Toward Automatic Task Design: A Progress Report
Eric Huang (Harvard University)
Haoqi Zhang (Harvard University) ****
David C. Parkes (Harvard University)
Krzysztof Z. Gajos (Harvard University)
Yiling Chen (Harvard University)

The final talk of the workshop focused on optimizing task design, an area that I see as having significant potential for follow-up work. The basic question asked is: How should we design optimally a task for crowdsourcing, given a set of constraints? What will generate best quality? What design aspects will improve speed? In a sense, how can we start moving crowdsourcing from an ad-hoc execution, into a mode in which we specify the task, and a black box optimizer selects all the appropriate aspects of the design for us. The paper gave some first results on predicting the quality and quantity of tags assigned to an image and showed that designs that are predicted to be optimal before execution indeed perform much better than designs that are suboptimal.

12:00noon, Concluding Remarks


Yours truly, at the end, was assigned with the task of coming up with conclusions and describing the overall themes. I think the keyword is this workshop was "Design". Design for individual tasks (either games or MTurk HITs), and design of processes in handling such crowdsources tasks in marketplaces. One theme that I would have liked to see more is incentive designs to motivate people to participate and contribute. But I was very happy overall.

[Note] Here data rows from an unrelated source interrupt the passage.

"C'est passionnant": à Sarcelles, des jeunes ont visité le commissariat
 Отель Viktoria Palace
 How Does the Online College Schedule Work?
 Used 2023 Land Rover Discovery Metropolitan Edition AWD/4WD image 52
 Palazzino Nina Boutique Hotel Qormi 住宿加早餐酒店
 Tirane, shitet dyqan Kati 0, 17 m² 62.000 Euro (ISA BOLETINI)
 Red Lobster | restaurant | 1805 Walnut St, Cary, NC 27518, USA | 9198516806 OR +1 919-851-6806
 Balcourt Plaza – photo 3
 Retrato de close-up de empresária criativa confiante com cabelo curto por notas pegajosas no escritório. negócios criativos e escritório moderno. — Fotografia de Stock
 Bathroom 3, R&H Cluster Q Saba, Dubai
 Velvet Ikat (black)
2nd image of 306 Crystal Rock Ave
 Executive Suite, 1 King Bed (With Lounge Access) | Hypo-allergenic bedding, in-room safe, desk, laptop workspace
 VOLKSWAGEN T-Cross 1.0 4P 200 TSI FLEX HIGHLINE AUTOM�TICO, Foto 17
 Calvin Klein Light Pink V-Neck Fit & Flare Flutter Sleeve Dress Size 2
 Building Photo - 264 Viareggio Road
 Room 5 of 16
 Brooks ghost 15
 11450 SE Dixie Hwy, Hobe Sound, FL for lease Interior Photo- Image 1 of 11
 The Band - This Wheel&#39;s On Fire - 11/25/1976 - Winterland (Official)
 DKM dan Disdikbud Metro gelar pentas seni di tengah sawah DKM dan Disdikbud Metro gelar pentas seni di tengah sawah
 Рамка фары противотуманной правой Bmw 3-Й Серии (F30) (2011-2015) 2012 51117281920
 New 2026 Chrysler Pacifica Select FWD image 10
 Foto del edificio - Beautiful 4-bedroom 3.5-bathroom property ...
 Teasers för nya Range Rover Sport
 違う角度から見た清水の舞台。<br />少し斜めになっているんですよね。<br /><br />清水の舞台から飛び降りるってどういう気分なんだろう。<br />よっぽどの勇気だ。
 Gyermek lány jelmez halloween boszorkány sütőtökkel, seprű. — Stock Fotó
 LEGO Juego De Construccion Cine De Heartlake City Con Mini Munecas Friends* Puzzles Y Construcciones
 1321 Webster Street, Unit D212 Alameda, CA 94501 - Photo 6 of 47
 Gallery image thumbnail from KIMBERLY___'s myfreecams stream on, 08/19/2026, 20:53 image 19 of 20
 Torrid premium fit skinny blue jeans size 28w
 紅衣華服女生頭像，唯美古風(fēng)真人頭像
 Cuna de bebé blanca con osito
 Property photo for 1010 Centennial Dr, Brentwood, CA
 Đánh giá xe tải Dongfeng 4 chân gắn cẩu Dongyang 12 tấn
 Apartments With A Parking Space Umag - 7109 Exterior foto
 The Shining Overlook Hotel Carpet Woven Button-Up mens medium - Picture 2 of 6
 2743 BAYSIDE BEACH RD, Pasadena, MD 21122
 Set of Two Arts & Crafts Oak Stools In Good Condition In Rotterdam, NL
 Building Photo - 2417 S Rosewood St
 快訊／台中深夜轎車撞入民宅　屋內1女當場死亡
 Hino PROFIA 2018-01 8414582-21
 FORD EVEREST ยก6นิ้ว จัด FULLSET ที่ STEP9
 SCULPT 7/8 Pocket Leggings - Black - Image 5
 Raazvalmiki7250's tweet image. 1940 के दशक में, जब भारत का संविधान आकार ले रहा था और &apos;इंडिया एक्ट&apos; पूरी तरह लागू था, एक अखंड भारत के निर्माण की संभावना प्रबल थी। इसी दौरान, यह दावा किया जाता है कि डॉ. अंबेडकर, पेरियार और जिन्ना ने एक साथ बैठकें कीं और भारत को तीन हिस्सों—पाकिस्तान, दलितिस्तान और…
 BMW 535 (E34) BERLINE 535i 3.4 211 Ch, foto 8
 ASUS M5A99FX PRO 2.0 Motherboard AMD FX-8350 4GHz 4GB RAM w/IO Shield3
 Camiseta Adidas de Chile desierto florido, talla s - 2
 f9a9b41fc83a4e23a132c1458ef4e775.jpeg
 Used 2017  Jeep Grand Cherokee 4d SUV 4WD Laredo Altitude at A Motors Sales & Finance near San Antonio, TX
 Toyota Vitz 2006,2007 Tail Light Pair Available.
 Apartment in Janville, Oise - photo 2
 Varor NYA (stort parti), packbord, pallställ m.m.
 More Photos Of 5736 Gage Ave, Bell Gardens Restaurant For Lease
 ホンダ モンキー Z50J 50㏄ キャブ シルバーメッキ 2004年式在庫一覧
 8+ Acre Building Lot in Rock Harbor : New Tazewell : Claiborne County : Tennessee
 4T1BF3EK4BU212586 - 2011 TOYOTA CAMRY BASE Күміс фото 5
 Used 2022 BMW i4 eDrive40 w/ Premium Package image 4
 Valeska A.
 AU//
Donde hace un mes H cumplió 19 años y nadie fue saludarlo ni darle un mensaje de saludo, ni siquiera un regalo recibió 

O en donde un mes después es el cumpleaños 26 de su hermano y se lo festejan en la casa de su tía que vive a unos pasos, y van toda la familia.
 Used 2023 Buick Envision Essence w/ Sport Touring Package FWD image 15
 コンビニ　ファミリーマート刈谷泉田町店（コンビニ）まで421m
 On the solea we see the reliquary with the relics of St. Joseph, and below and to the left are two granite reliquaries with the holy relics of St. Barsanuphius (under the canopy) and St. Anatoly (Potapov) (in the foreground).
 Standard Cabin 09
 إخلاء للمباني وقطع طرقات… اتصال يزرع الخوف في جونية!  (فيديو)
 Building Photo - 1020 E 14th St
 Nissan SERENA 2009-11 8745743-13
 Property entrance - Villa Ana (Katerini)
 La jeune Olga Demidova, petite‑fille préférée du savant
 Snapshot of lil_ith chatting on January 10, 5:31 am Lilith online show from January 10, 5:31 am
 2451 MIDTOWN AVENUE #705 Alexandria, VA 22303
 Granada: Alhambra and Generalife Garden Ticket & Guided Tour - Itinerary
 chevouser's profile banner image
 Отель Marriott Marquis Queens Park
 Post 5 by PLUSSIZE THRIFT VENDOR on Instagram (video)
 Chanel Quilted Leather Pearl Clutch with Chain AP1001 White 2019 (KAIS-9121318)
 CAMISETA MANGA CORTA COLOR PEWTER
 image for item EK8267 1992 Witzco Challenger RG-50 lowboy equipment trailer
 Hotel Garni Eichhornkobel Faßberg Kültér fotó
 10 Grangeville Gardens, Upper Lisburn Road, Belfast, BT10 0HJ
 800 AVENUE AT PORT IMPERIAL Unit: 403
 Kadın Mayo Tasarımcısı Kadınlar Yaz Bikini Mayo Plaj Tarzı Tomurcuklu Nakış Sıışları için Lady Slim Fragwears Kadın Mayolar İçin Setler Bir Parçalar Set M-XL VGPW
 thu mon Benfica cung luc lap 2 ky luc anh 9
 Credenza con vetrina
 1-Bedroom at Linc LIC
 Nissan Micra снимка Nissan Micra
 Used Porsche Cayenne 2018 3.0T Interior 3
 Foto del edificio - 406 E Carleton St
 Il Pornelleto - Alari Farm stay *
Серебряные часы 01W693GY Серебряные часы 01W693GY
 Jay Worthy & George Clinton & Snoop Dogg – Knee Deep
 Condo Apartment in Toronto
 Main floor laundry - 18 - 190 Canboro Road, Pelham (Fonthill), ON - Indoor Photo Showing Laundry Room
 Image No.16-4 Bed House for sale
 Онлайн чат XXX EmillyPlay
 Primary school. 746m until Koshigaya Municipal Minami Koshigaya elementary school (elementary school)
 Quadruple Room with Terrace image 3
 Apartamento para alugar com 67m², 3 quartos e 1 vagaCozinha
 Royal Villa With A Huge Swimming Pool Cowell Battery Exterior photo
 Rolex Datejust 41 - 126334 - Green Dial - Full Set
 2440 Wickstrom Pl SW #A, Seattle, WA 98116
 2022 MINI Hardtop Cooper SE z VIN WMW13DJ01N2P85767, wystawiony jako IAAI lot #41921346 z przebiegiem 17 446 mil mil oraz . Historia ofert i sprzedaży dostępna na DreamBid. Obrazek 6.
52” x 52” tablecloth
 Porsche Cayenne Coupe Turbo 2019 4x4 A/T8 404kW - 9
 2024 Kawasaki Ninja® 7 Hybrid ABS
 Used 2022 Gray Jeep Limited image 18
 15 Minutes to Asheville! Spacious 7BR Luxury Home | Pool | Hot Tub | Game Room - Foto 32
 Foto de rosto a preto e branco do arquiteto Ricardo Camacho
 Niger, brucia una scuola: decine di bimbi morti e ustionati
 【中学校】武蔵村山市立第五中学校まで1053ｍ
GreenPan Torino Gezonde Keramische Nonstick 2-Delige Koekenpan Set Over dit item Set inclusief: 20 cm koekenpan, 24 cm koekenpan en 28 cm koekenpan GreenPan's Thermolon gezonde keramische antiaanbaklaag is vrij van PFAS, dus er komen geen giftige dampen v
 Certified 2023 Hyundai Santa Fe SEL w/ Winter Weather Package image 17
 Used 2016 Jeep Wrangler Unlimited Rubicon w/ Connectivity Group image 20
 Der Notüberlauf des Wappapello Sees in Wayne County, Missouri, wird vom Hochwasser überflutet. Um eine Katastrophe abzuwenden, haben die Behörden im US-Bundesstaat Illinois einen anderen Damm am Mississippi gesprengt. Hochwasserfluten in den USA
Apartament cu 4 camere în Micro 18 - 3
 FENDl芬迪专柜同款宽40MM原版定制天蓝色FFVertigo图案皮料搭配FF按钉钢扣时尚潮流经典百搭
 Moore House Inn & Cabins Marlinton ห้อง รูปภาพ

After the concluding remarks there was some discussion of quality control and examining the robustness of crowdsourcing systems to manipulation attacks. While we have no definite answers on how to guarantee protection from coordinated attacks in the absence of ground truth, in the current settings we rarely see extensive collusion and coordination across attackers. Most of the current spammers are there to make an easy buck, and not to spend extensive amounts of time trying to scam pennies. (There are better targets for that.)

Of course, having ground truth for verification of answers and for worker evaluation can help significantly in that respect: Luis von Ahn mentioned the attack on reCAPTCHA from the 4chan clan, which randomly entered the word "penis" as one of the two words, hoping to fill in the digitizations of books with the word "penis". (Given that they were failing in 50% of the attempts, it was easy to isolate them and remove their entries.)

The problem of handling a completely anonymous crowd, without any ground truth knowledge, and getting good results is hard to solve. Perhaps some security people will need to take a look and examine the theoretical guarantees.